James Baldwin’s Legacy
James Baldwin was one of the most significant figures of the 20th century. In this moment of racial reckoning, his life and work are being discovered and rediscovered. He was born in 1924 and died in 1987. He graduated from high school in New York but was otherwise self-taught. He said, “I love America more than any other country in the world.” That’s why I reserve “the right to perpetually criticize her.” And criticize he did. In his classic essays such as The Fire Next Time and Notes of a Native Son and his novels Go Tell it on the Mountain and Another Country, he wrote about the white power structure, systemic racism, police brutality, sexism, homophobia, inequality and predatory capitalism.

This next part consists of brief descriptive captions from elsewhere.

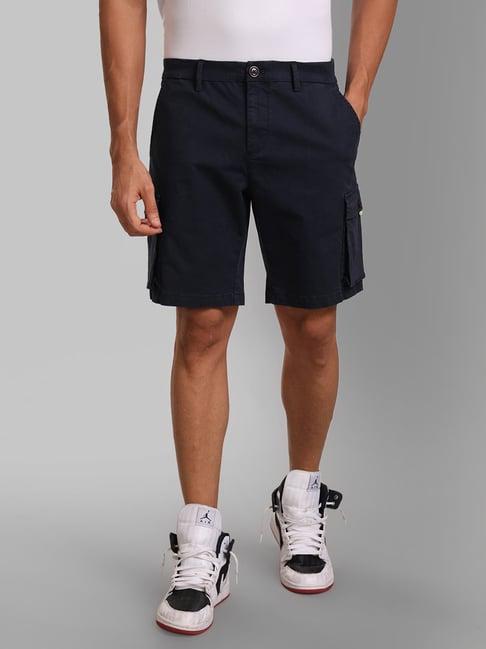 kazo navy regular fit shorts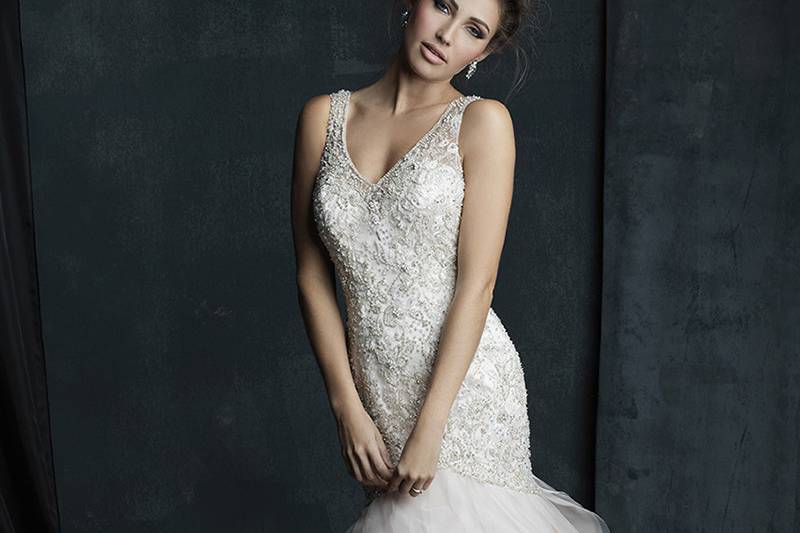 Style C385F <br> Alternating lace and beadwork accents this strapless mermaid gown.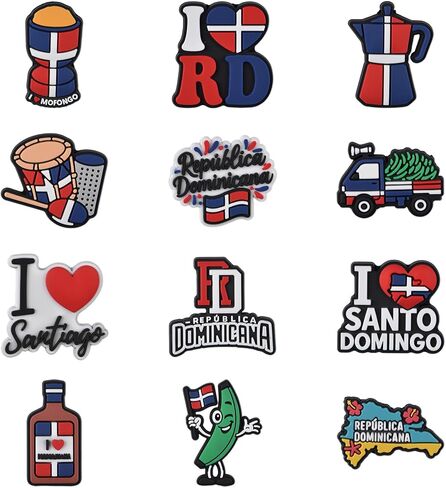 Dominicana Shoe Charms Flag Shoes Decoration Charms for Girls Boys Women Men Accessories Party Favor in Saudi Arabia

Eddie Glaude Jr. is the James S. McDonnell Distinguished University Professor of African American Studies at Princeton, where he is also the Chair of the Center for African American Studies and the Chair of the Department of African American Studies. He is the author of Democracy in Black and Begin Again: James Baldwin’s America and its Urgent Lessons for Our Own.
Cornel West is Professor of the Practice of Public Philosophy at Harvard. He has been called “the preeminent African American intellectual of his generation.” With his preacher-like cadences and passionate delivery, he is much in demand as a speaker. Among his many books are Race Matters, The Rich and the Rest of Us and Black Prophetic Fire.
T gonzales –
Light in the dark. When something ain’t right, this is a vulnerable conversation worth sharing with all of those you care about.
Jane Bruce-Munro –
What a phenomenal conversation about the depth and relevance of James Baldwin’s work and legacy for all people. This dialogue brings all of the worlds together — literature, music, academia, economics, class struggle, racial justice, psychology, and the street — beautifully, powerfully expressed by the brilliance of Eddie Glaude and Cornel West, and moderated by Maya Marshall. A riveting call to courage, wisdom, and maturity.